QB VII | |
---|---|
Created by | Leon Uris |
Starring |
Ben Gazzara Anthony Hopkins |
Composer(s) | Jerry Goldsmith |
Country of origin | United States |
Production | |
Executive producer(s) | Douglas S. Cramer |
Running time | 390 minutes |
Production company(s) | The Douglas S. Cramer Company Screen Gems |
Distributor | Sony Pictures Television |
Release | |
Original network | ABC |
Original release | April 29, 1974 – 2001 |
QB VII by Leon Uris is a dramatic courtroom novel published in 1970. The four-part novel highlights the events leading to a libel trial in the United Kingdom. The novel was Uris's second consecutive #1 New York Times Best Seller and third overall. The novel is loosely based on a court case for defamation (Dering v Uris) that arose from Uris' previous best-selling novel Exodus.
QB VII was made into an American television six-and-a-half-hour miniseries produced by Screen Gems; it was also the final program from Columbia Pictures's television division to be made under the Screen Gems banner. It began airing on ABC on April 29, 1974. Adapted to the screen by Edward Anhalt, it was produced by Douglas S. Cramer and directed by Tom Gries. The original music was written by Jerry Goldsmith and the cinematography by Paul Beeson and Robert L. Morrison.
The six-and-a-half-hour miniseries won six primetime Emmy Awards and was nominated for several more.

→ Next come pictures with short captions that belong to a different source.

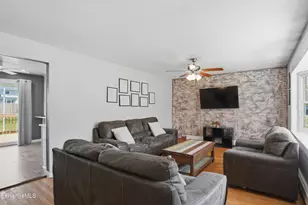 22 Quirico Dr, Pittsfield, MA 01201 - Photo 8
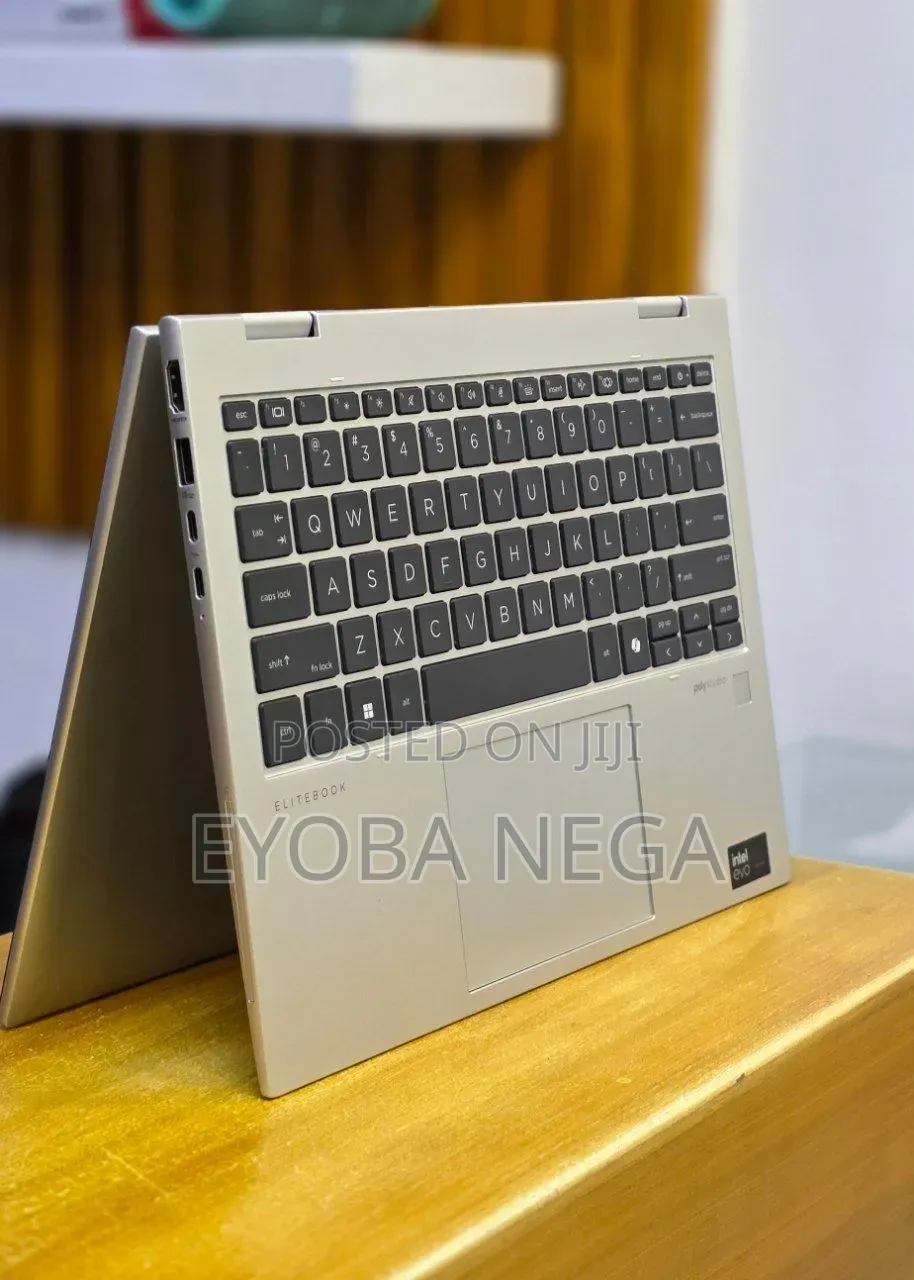 New Laptop HP EliteBook X360 1030 16GB Intel Core Ultra 7 SSD 512GB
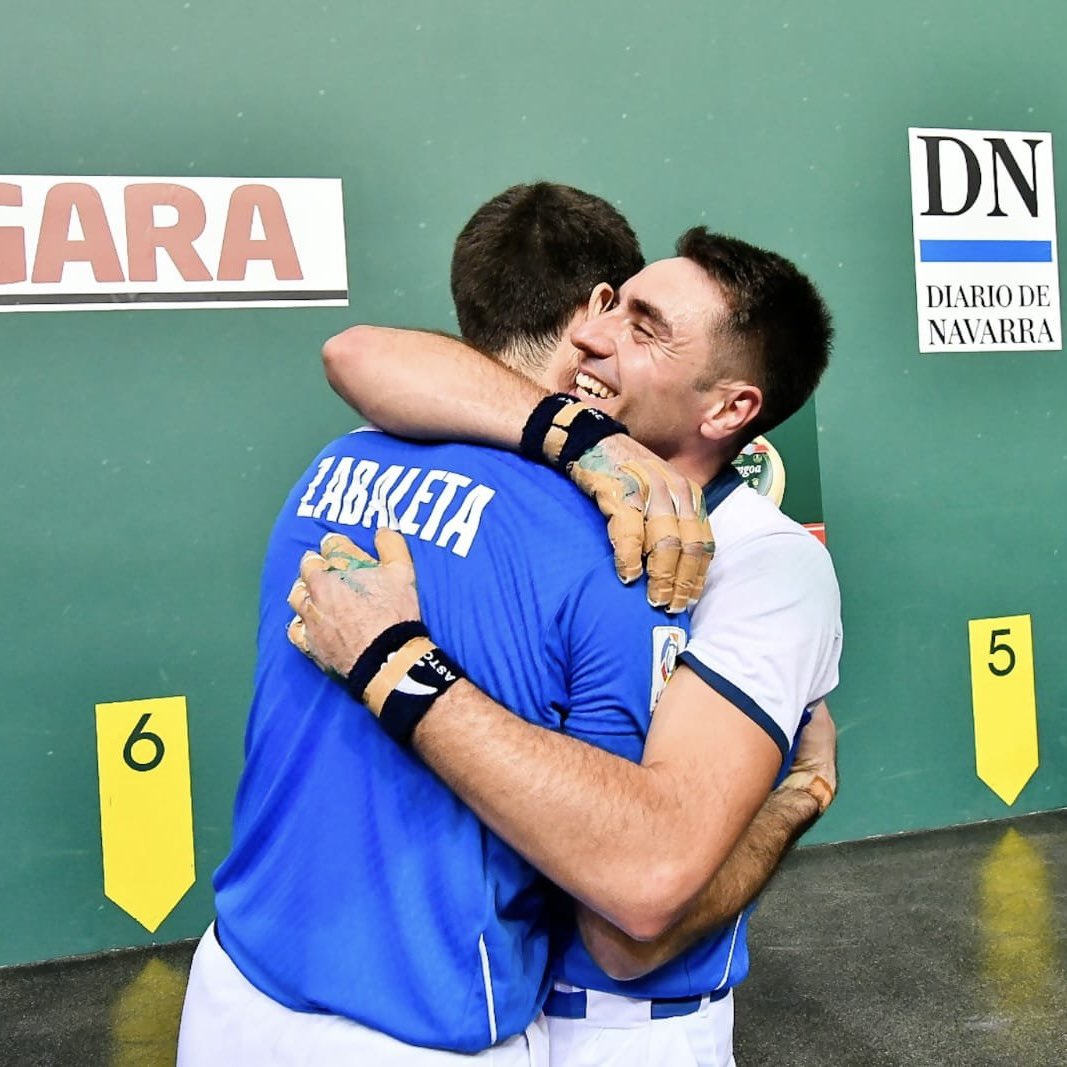 🏆 Queremos felicitar a los navarros Peio Etxeberria y Jose Javier Zabaleta por proclamarse vencedores del Campeonato de Parejas 2024. 

👏 ¡Enhorabuena, campeones! Zorionak!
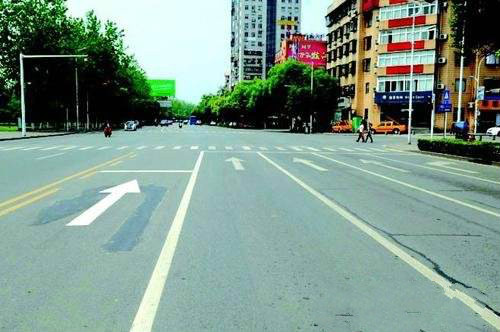 上海一路口只有直行箭头 车主右转被罚不服起诉交警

Adam Kelno has fled to England in the days following World War II. Having escaped from a death camp in Nazi Europe, he finds that his identification with anti-communists in Poland has made him a target of the Soviet Government, which brings up war crime charges against him in England. When the witness is unable to identify him as one of the doctors who castrated him, he is released. Kelno takes his wife and young son to Sarawak, where he labors for years, upgrading public health standards. Upon his return to England, he is knighted. Twenty years have passed, and he has just begun to enjoy his life of renown, when a book is published, which names him as a willing participant to Nazi medical experiments on Jews in the camps. He sues for defamation, and finds that not only can he not escape his past, but that the plaintiff in a defamation case has his own reputation on trial. "QB VII" refers to the courtroom in which the trial is held, Queen's Bench, Room #7.